Start of Material for the task
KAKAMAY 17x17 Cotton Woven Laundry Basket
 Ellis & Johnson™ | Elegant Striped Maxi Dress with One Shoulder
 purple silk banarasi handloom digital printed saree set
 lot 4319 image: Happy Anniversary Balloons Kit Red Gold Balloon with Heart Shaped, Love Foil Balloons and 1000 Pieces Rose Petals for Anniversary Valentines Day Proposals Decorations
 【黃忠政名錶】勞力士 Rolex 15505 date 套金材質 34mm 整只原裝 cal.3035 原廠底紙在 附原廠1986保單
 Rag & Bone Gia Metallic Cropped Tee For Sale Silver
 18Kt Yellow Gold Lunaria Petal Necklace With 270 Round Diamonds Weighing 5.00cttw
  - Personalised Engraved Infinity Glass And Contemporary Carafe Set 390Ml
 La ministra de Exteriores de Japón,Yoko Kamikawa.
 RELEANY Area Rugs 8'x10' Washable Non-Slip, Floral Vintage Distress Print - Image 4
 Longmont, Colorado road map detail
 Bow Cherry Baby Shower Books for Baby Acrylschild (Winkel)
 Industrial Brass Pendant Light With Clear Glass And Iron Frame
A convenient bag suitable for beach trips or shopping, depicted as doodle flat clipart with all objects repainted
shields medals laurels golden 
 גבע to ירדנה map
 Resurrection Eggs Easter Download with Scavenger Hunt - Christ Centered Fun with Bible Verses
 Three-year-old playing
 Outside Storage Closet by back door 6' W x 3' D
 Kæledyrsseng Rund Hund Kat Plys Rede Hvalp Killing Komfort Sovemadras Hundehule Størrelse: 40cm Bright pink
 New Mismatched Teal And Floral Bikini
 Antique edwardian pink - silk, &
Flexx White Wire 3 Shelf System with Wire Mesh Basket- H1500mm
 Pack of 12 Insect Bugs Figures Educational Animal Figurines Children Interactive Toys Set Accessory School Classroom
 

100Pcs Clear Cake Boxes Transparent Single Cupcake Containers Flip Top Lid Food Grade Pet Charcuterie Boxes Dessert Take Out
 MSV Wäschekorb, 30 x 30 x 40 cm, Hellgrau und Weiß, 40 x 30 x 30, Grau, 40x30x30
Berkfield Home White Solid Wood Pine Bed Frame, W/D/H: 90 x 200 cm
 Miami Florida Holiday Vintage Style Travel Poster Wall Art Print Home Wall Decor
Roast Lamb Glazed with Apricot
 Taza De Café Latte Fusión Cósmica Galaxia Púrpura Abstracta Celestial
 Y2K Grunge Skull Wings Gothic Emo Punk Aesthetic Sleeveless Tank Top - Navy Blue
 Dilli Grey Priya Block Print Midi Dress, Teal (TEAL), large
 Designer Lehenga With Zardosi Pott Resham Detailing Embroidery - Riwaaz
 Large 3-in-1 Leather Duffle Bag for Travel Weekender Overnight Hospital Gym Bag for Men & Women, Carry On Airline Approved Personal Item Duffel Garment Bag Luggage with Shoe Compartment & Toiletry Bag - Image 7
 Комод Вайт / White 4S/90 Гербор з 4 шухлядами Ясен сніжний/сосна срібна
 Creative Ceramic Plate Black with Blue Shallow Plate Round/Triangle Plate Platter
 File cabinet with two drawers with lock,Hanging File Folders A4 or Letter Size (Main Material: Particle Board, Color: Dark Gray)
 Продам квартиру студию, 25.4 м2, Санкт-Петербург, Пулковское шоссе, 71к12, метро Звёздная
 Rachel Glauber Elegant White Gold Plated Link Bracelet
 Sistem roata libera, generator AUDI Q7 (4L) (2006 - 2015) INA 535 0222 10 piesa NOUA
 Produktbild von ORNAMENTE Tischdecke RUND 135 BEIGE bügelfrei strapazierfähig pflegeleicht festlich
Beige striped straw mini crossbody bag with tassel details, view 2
End of Material for the task
(Task directions) Every line from the first entry to the line containing "purple silk banarasi" should be transcribed exactly, and nothing beyond it.

(Result for this task)
KAKAMAY 17x17 Cotton Woven Laundry Basket
 Ellis & Johnson™ | Elegant Striped Maxi Dress with One Shoulder
 purple silk banarasi handloom digital printed saree set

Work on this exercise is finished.